Problem statement: Each record below should be returned word for word, with no pictures included.

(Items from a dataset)
%%

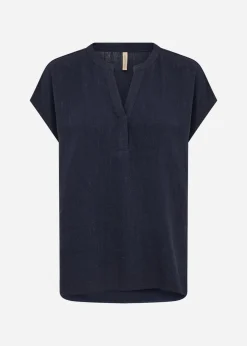 SC-CANNIE SOLID 1 T-shirt Navy
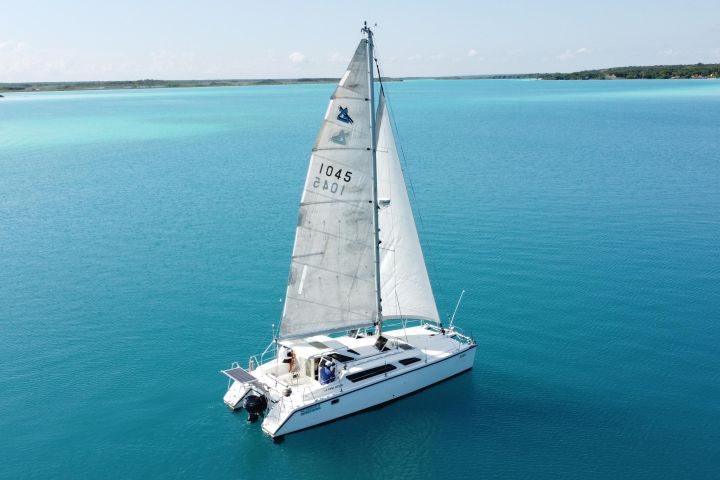 Bacalar Lagoon Catamaran Adventure image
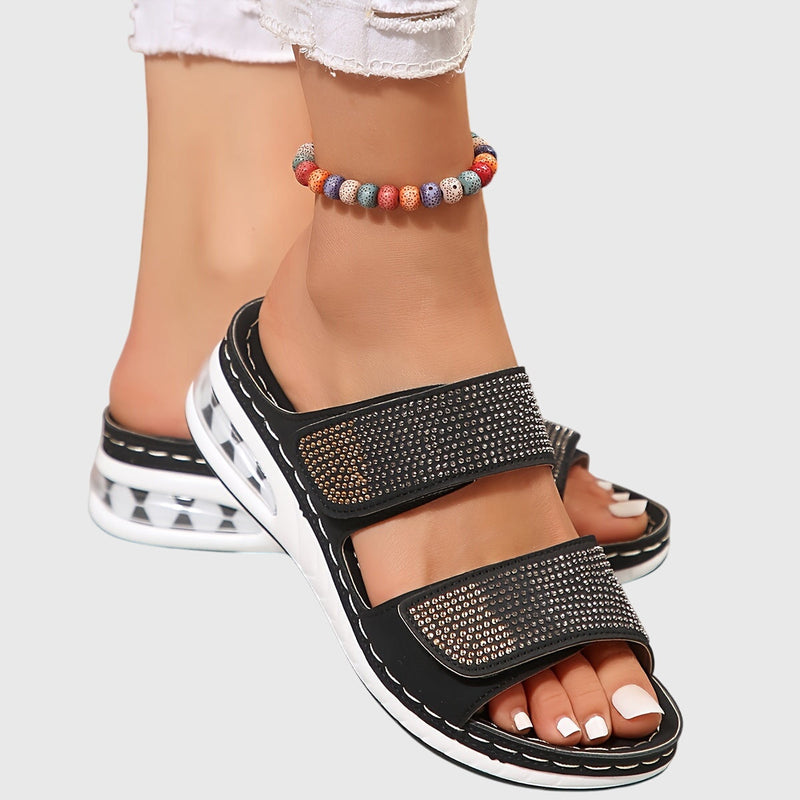 Ensley™ | Sandalia ortopédica cómoda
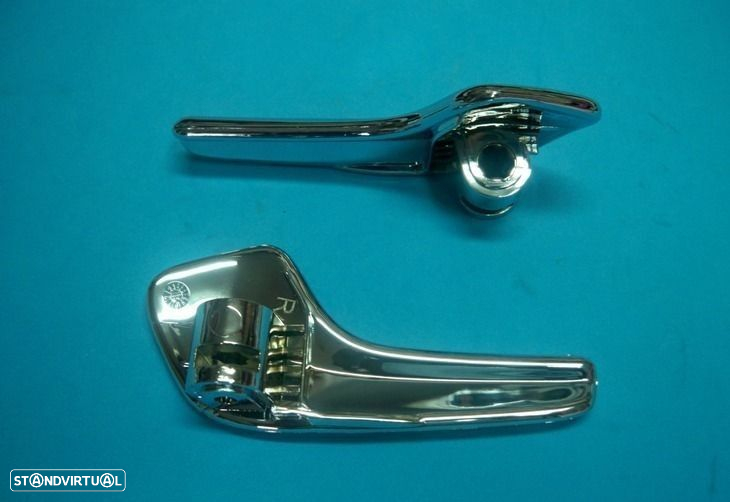 Punho manipulo  puxador de porta Opel Corsa D   NOVO - 2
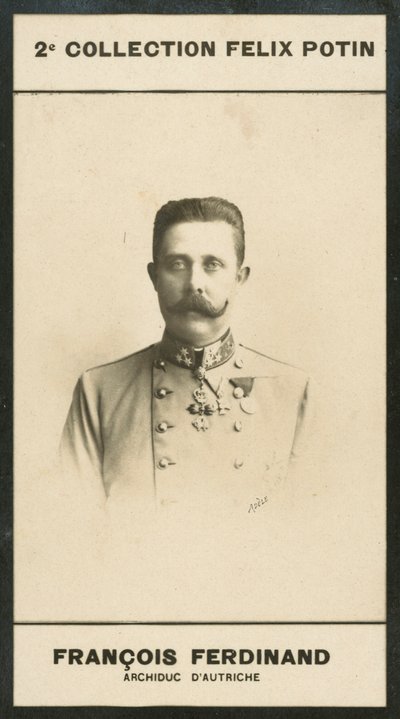 Francois Ferdynand, arcyksiążę Austrii autorstwa European Photographer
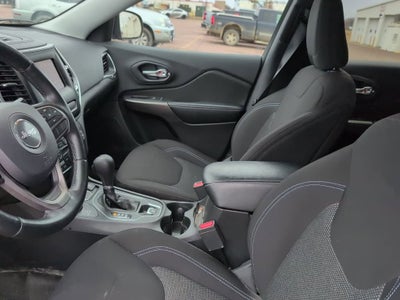 2019 Jeep Cherokee Latitude 4x4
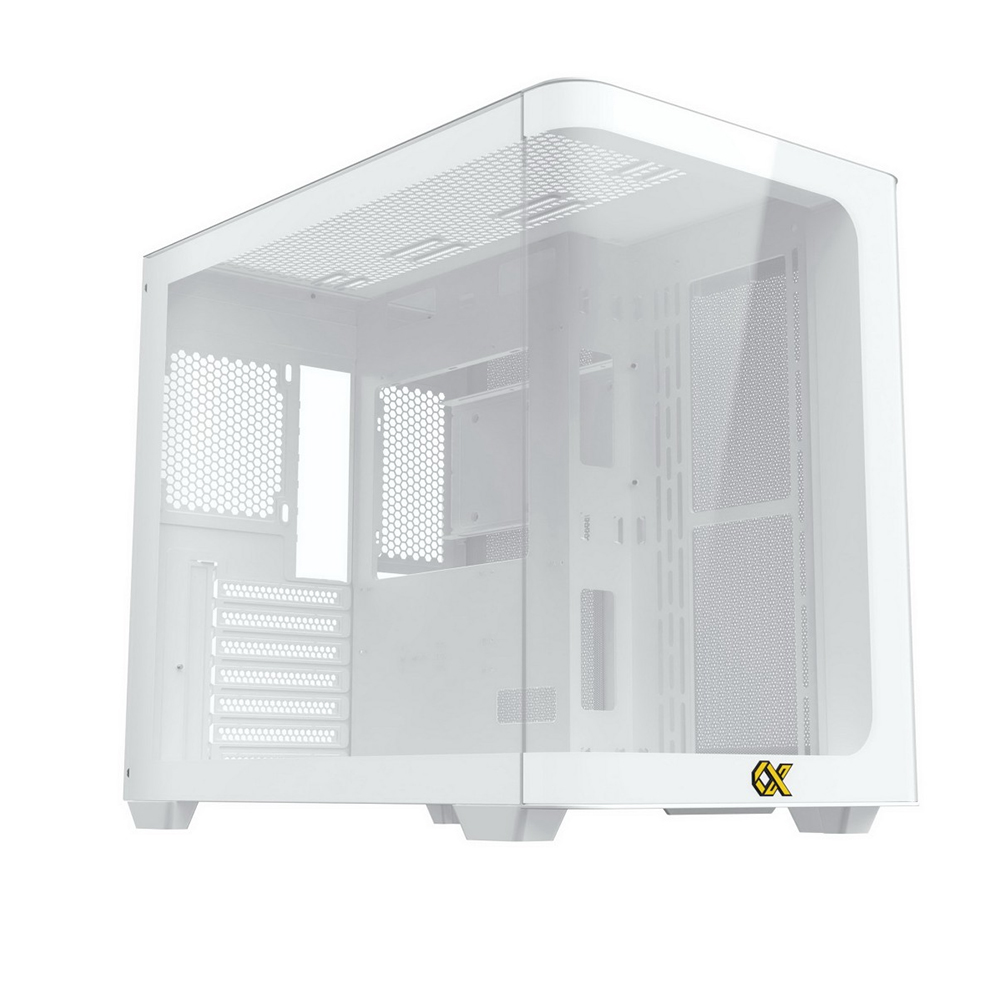 VỎ CASE XIGMATEK ALPHA - PANO ARTIC (EN43055) - PREMIUM GAMING CASE (E-ATX/ MÀU TRẮNG)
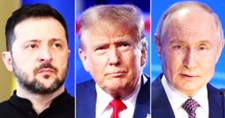 Trump mediator Zelensky vs Putin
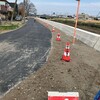 堤防工事かなりできた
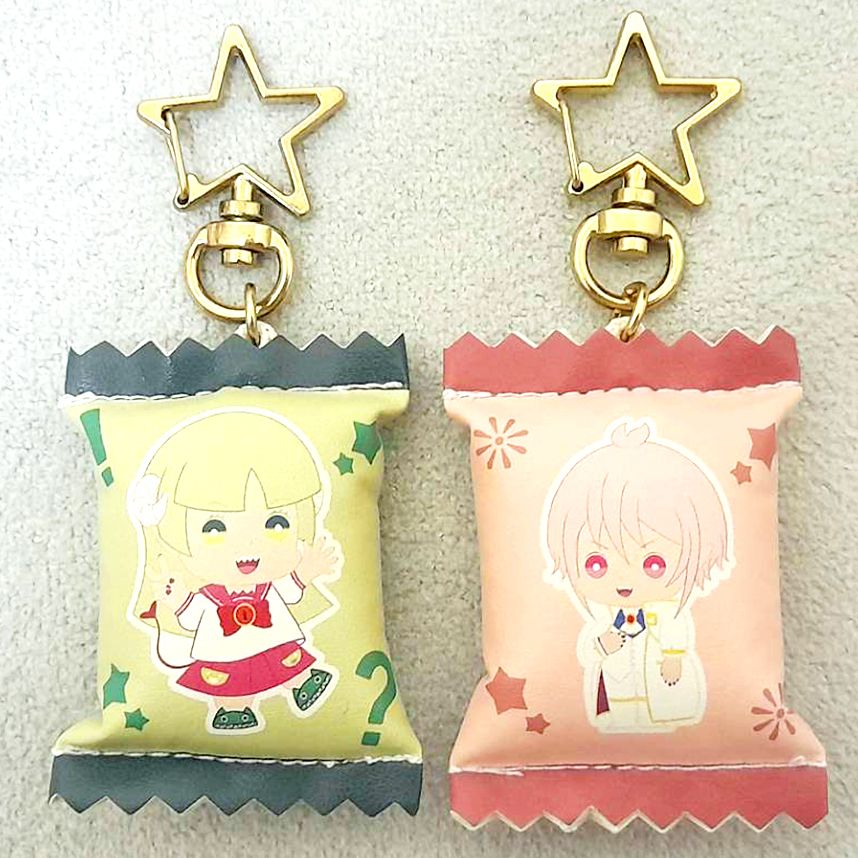 同人 二創 PU皮 鑰匙扣 吊飾 掛飾 丨 入間同學入魔了 阿斯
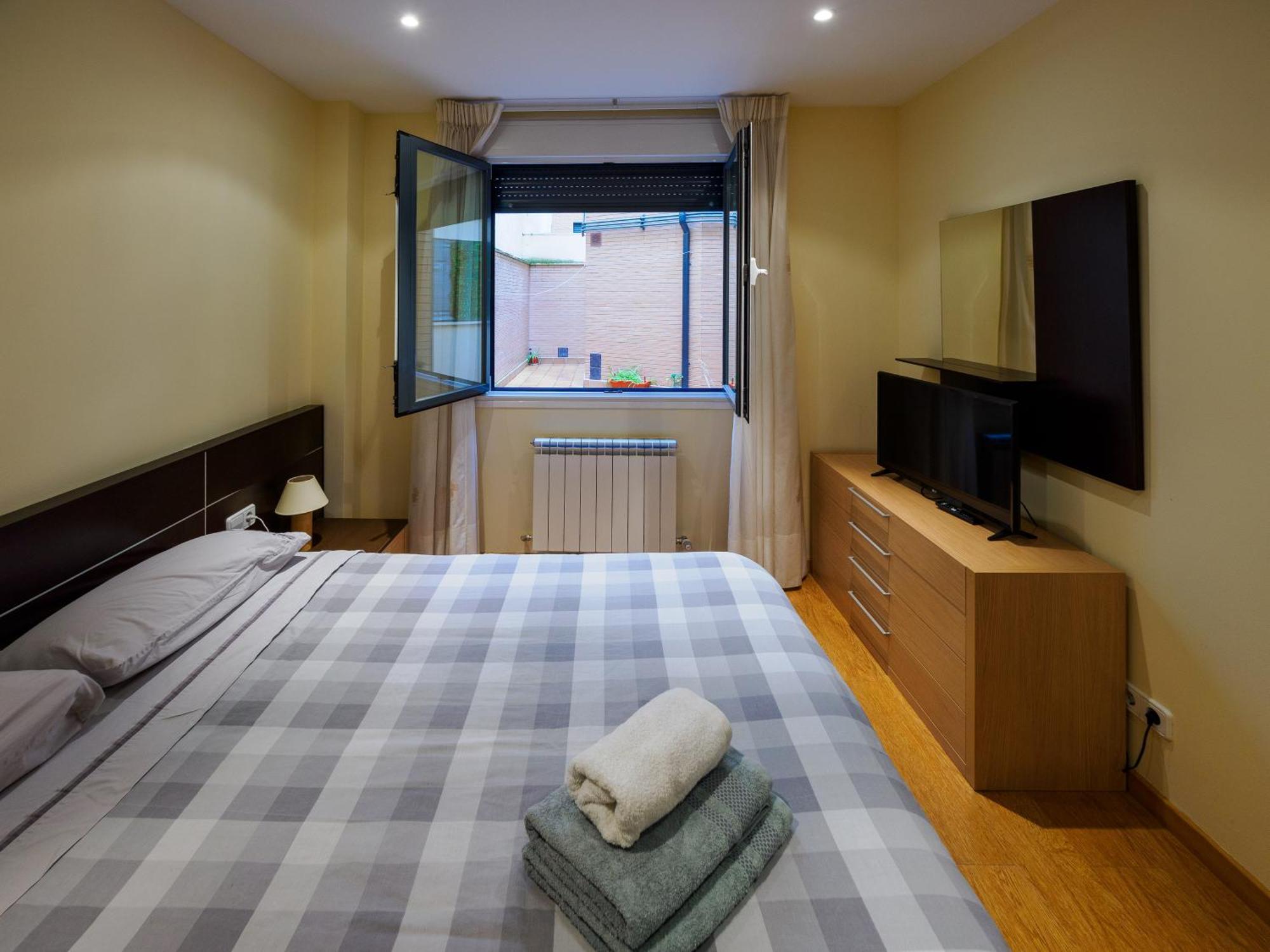 Apartmán El Patio De Miren Zamora Exteriér fotografie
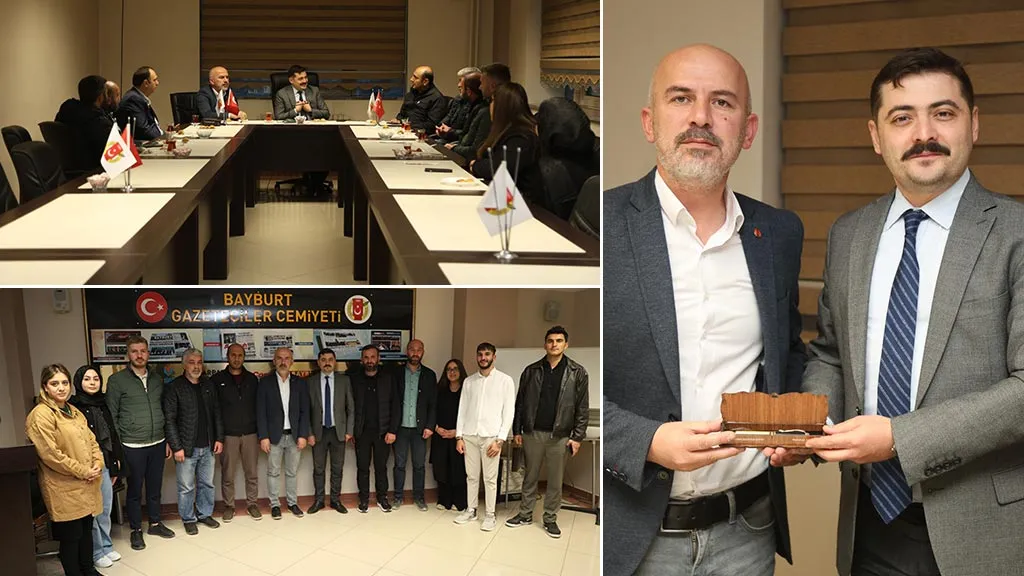 Bayburt Basınının Sorunları Masaya Yatırıldı, İletişim Başkanlığı Rapor Hazırlıyor
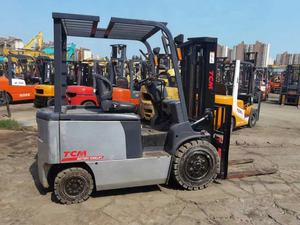 Carretilla elevadora eléctrica TCM de segunda mano de 3 toneladas, carretilla elevadora TCM de segunda mano, máquina de manipulación de materiales TCM 30 DE 5 toneladas, Venta barata - Product Image 4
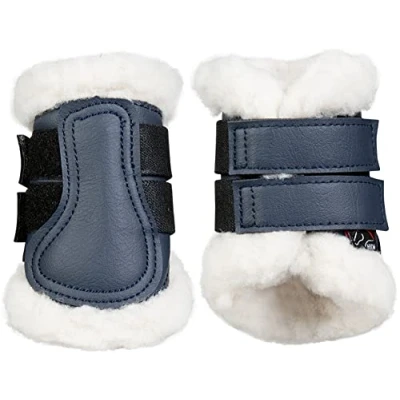 Abbildung von HKM Gamaschen Comfort Dunkelblau Shetland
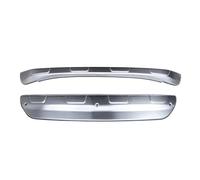 Car Rear Spoiler For Mazda CX-5 CX5 12-16 Front+Rear Bumper Diffuser Guard Skid Plate Lip Stainless Steel Tow Mud Board Cover Rear Roof Spoiler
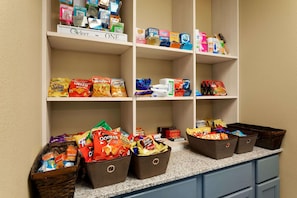 Snack bar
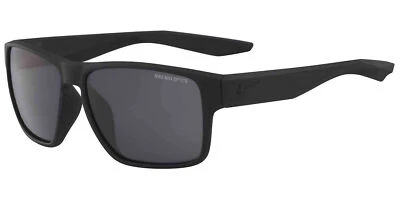 Nike Essential Venture Men's Matte Black Square Sunglasses NKFQ4680-002 - Image 1 of 3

%%

Answer to this task:
 SC-CANNIE SOLID 1 T-shirt Navy
 Bacalar Lagoon Catamaran Adventure image
 Ensley™ | Sandalia ortopédica cómoda
 Punho manipulo  puxador de porta Opel Corsa D   NOVO - 2
 Francois Ferdynand, arcyksiążę Austrii autorstwa European Photographer
 2019 Jeep Cherokee Latitude 4x4
 VỎ CASE XIGMATEK ALPHA - PANO ARTIC (EN43055) - PREMIUM GAMING CASE (E-ATX/ MÀU TRẮNG)
 Trump mediator Zelensky vs Putin
 堤防工事かなりできた
 同人 二創 PU皮 鑰匙扣 吊飾 掛飾 丨 入間同學入魔了 阿斯
 Apartmán El Patio De Miren Zamora Exteriér fotografie
 Bayburt Basınının Sorunları Masaya Yatırıldı, İletişim Başkanlığı Rapor Hazırlıyor
 Carretilla elevadora eléctrica TCM de segunda mano de 3 toneladas, carretilla elevadora TCM de segunda mano, máquina de manipulación de materiales TCM 30 DE 5 toneladas, Venta barata - Product Image 4
 Abbildung von HKM Gamaschen Comfort Dunkelblau Shetland
 Car Rear Spoiler For Mazda CX-5 CX5 12-16 Front+Rear Bumper Diffuser Guard Skid Plate Lip Stainless Steel Tow Mud Board Cover Rear Roof Spoiler
 Snack bar
 Nike Essential Venture Men's Matte Black Square Sunglasses NKFQ4680-002 - Image 1 of 3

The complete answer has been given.